+++ Information
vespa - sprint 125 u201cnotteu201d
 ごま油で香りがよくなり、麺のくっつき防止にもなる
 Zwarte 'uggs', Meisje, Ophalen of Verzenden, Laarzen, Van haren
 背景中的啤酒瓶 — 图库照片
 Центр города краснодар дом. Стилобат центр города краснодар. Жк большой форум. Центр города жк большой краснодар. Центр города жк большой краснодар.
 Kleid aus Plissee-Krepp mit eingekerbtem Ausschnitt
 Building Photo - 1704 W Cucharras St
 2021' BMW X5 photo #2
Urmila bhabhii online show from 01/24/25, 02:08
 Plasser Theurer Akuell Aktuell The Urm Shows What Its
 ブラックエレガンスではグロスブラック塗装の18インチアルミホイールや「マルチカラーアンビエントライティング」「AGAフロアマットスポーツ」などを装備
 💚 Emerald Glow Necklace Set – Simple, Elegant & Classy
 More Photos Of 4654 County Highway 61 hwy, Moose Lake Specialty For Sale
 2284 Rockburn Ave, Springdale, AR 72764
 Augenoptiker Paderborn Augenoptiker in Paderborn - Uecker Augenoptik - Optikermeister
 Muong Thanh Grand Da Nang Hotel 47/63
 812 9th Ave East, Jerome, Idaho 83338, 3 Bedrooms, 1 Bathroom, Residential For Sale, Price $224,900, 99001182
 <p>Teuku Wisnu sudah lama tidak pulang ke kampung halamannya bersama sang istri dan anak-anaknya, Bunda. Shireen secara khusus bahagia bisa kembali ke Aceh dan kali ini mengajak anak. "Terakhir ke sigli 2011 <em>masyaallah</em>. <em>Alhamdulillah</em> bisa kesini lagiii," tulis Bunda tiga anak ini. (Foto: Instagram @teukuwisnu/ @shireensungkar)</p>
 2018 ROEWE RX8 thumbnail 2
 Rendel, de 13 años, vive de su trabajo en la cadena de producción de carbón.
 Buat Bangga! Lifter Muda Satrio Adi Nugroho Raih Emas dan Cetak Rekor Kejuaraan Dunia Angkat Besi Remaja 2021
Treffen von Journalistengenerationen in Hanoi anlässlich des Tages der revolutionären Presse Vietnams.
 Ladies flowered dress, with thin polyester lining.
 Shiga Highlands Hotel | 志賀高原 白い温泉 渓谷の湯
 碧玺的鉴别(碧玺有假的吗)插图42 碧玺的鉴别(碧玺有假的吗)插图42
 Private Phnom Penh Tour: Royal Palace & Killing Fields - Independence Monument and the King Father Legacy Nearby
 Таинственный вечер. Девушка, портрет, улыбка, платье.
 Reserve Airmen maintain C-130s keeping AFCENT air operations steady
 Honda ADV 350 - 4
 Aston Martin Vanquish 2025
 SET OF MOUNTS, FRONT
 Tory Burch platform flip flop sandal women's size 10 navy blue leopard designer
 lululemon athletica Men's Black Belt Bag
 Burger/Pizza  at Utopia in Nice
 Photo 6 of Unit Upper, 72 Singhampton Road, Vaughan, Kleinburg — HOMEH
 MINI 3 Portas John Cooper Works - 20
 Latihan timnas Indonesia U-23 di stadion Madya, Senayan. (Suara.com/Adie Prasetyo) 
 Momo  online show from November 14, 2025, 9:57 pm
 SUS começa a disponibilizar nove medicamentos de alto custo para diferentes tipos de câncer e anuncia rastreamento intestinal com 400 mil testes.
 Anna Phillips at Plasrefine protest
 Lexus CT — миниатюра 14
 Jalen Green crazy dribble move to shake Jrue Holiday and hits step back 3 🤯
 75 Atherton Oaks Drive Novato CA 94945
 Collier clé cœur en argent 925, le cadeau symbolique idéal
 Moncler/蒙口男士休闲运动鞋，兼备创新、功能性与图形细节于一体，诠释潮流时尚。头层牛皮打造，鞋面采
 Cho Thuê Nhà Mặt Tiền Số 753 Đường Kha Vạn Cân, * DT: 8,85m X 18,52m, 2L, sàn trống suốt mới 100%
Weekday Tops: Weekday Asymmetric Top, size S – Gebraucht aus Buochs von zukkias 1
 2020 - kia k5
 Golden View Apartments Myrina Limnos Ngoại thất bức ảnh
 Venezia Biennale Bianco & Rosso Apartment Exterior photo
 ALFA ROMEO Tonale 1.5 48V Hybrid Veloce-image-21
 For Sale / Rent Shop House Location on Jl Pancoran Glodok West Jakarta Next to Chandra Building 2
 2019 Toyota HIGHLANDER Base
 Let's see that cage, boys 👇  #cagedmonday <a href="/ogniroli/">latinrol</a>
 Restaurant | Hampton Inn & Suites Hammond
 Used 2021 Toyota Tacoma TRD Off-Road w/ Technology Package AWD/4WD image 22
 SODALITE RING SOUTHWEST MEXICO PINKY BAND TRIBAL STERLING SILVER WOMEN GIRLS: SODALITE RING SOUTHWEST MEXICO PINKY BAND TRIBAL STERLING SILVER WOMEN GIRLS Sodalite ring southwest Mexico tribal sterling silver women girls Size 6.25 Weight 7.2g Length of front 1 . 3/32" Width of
++++++
--- Task goal ---
Your answer should be the lines above from the one containing "ブラックエレガンスではグロス" through the one containing "Honda ADV 350 - 4", copied exactly and with both ends kept.

--- Written response ---
 ブラックエレガンスではグロスブラック塗装の18インチアルミホイールや「マルチカラーアンビエントライティング」「AGAフロアマットスポーツ」などを装備
 💚 Emerald Glow Necklace Set – Simple, Elegant & Classy
 More Photos Of 4654 County Highway 61 hwy, Moose Lake Specialty For Sale
 2284 Rockburn Ave, Springdale, AR 72764
 Augenoptiker Paderborn Augenoptiker in Paderborn - Uecker Augenoptik - Optikermeister
 Muong Thanh Grand Da Nang Hotel 47/63
 812 9th Ave East, Jerome, Idaho 83338, 3 Bedrooms, 1 Bathroom, Residential For Sale, Price $224,900, 99001182
 <p>Teuku Wisnu sudah lama tidak pulang ke kampung halamannya bersama sang istri dan anak-anaknya, Bunda. Shireen secara khusus bahagia bisa kembali ke Aceh dan kali ini mengajak anak. "Terakhir ke sigli 2011 <em>masyaallah</em>. <em>Alhamdulillah</em> bisa kesini lagiii," tulis Bunda tiga anak ini. (Foto: Instagram @teukuwisnu/ @shireensungkar)</p>
 2018 ROEWE RX8 thumbnail 2
 Rendel, de 13 años, vive de su trabajo en la cadena de producción de carbón.
 Buat Bangga! Lifter Muda Satrio Adi Nugroho Raih Emas dan Cetak Rekor Kejuaraan Dunia Angkat Besi Remaja 2021
Treffen von Journalistengenerationen in Hanoi anlässlich des Tages der revolutionären Presse Vietnams.
 Ladies flowered dress, with thin polyester lining.
 Shiga Highlands Hotel | 志賀高原 白い温泉 渓谷の湯
 碧玺的鉴别(碧玺有假的吗)插图42 碧玺的鉴别(碧玺有假的吗)插图42
 Private Phnom Penh Tour: Royal Palace & Killing Fields - Independence Monument and the King Father Legacy Nearby
 Таинственный вечер. Девушка, портрет, улыбка, платье.
 Reserve Airmen maintain C-130s keeping AFCENT air operations steady
 Honda ADV 350 - 4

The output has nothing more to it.